Methods/Statistics
Estimating absolute risks from case-cohort designs Caitlin A. Cassidy* Caitlin A. Cassidy Jessie K. Edwards
Case-cohort designs are useful in epidemiology when exposure or covariate measurement is resource intense, or an outcome of interest is rare. Here, we define a case-cohort design to include all cases from a cohort and a randomly selected sub-cohort from the entire risk set at baseline. Cox proportional hazard models are typically used to compute hazard ratios from this design. However, the absolute risks under each exposure are often also of interest. Here, we describe a nonparametric approach to estimate these risks and the risk difference (RD) directly from case-cohort data.
We propose a weighted Kaplan-Meier estimator to estimate risk and survival functions under each exposure of interest in a case-cohort design. We compare the proposed estimator to a weighted Kaplan-Meier estimator that includes only individuals from the random sub-cohort. The weights account for the probability of inclusion in the sub-cohort and confounding.
We simulate 2000 replicates of a cohort from which a sub-cohort is randomly selected. The time-to-event data are generated assuming an increasing hazard function with a Weibull distribution. We estimate the RD of a binary outcome Y=1 comparing levels of a binary exposure A=1 vs A=0. We vary the true RD, sub-cohort sampling methods, and sampling fractions. We consider censoring and confounding by a binary covariate X. We compare the bias and precision of these two estimators of the RD. We illustrate both estimators in an applied example using data from the Women’s Interagency HIV Study.

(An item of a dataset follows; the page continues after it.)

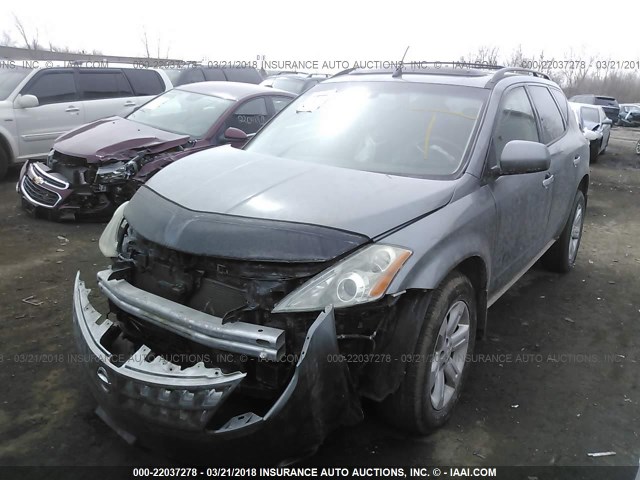 JN8AZ08W76W541883 - 2006 NISSAN MURANO SL/SE/S GRAY photo 2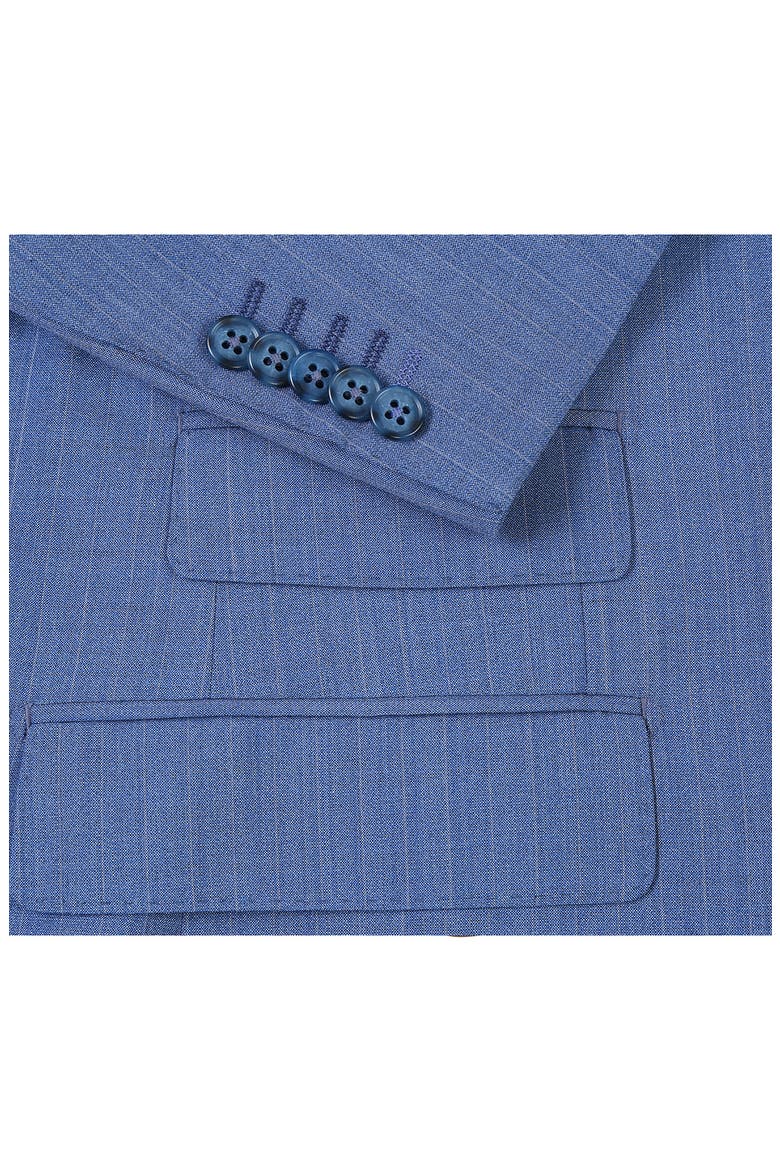 Plaid Trim Fit Wool Blend Two-Piece Suit, Alternate, color, BLUE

In most scenarios, both estimators demonstrate low average bias (≤ 0.003). Bias decreases as sample sizes and sampling fractions increase. The inclusion of a confounding variable and censoring leads to marginal increases in bias in most scenarios (≤ 0.007). The proposed estimator utilizing the case-cohort design demonstrates average standard errors that are less than half of those from the estimator utilizing only individuals in the random sub-cohort.
Risk functions and risk differences can be directly estimated from a case-cohort design using a weighted Kaplan-Meier approach. A case-cohort design yields greater statistical efficiency compared to a design using a random sub-cohort and decreases the study resources required to estimate absolute risks and risk differences compared to a study of a full cohort.